When did you last make something? (A fuss doesn’t count, nor does a bed.)
I’m talking about physically assembling something. Putting together the pieces that are needed to create something new. Bringing something to life.
Your grandparents wouldn’t believe the world you live in, where food often comes pre-prepared – sometimes even pre-cooked. Where you don’t buy coat-hooks at the hardware store, but instead take home a mounting panel with the hooks already attached to it.
We’re not even very likely to make our own entertainment, resorting instead to sitting in front of the TV.
Yet when we do actually make something ourselves, there can be a tremendous rush of pleasure, even if the result isn’t always completely perfect.

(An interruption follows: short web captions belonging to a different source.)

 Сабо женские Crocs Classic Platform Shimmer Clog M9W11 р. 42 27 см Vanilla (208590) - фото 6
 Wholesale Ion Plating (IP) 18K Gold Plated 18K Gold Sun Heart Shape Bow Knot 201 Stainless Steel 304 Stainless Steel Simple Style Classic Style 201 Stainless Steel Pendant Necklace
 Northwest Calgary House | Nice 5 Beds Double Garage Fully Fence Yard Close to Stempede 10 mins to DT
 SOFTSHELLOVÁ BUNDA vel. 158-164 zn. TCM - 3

Of course it takes longer to make something than it does to buy it ready-made. And thanks to weird economies of scale that I don’t always get, it can even cost you more to buy the parts or ingredients than it would to purchase something already finished.

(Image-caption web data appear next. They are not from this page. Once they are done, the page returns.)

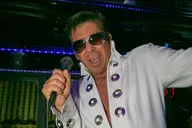 Las Vegas Photo Tour with Celebrity Impersonator thumbnail 4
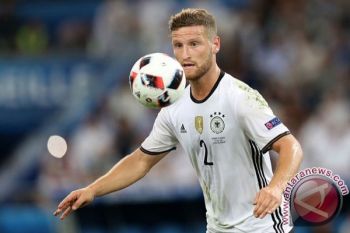 Shkodran Mustafi dari Valencia Resmi Berlabuh ke Arsenal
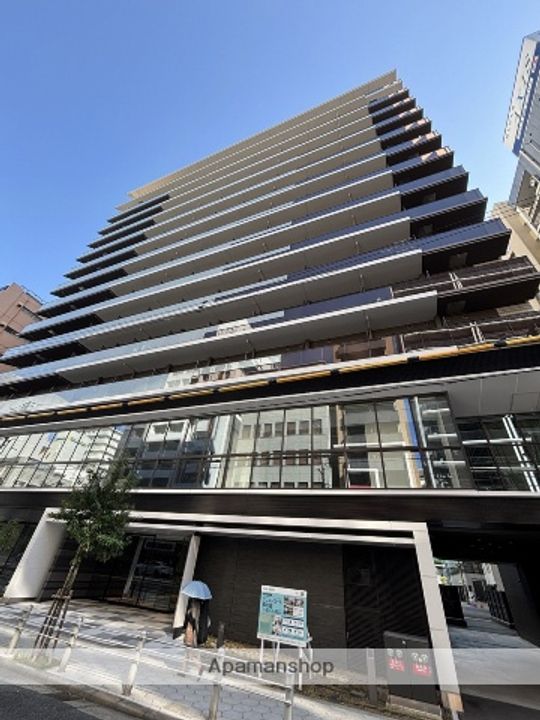 クレストコート靭公園 THE CLASSの外観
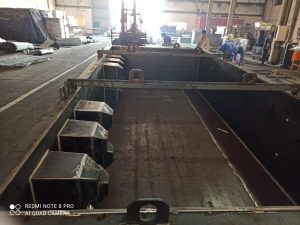 Heavy-duty precast steel mould for concrete production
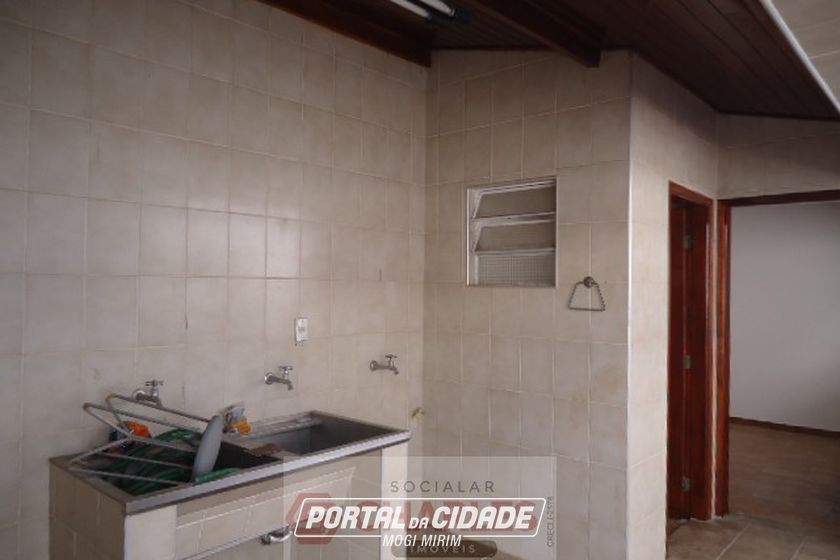 Casa &agrave; venda - 260m&sup2; - Centro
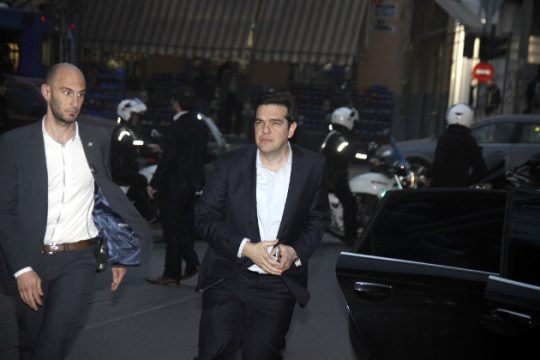 ΔΟΛ, Βγενόπουλος και Κουμουτσάκος στο μενού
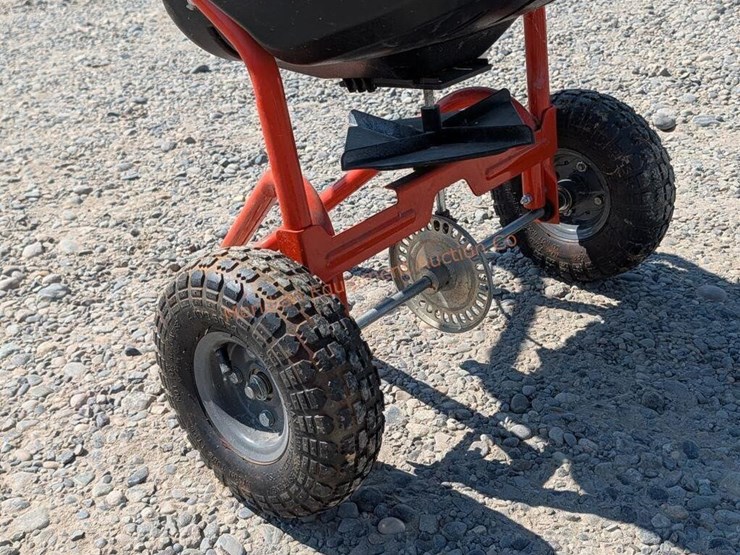 agri-fab-spin-spreader-image-8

But nothing can replace the quiet satisfaction of baking a cake or a loaf of bread. Or building some bookshelves. Or creating a hand-made greetings card for someone you care a lot about.
OK, I know you’re too busy today to paint the ceiling of the Sistine Chapel. But making something doesn’t necessarily mean making something on a grand scale.
There really is a big emotional return from making something from scratch. Today could be the day to do it.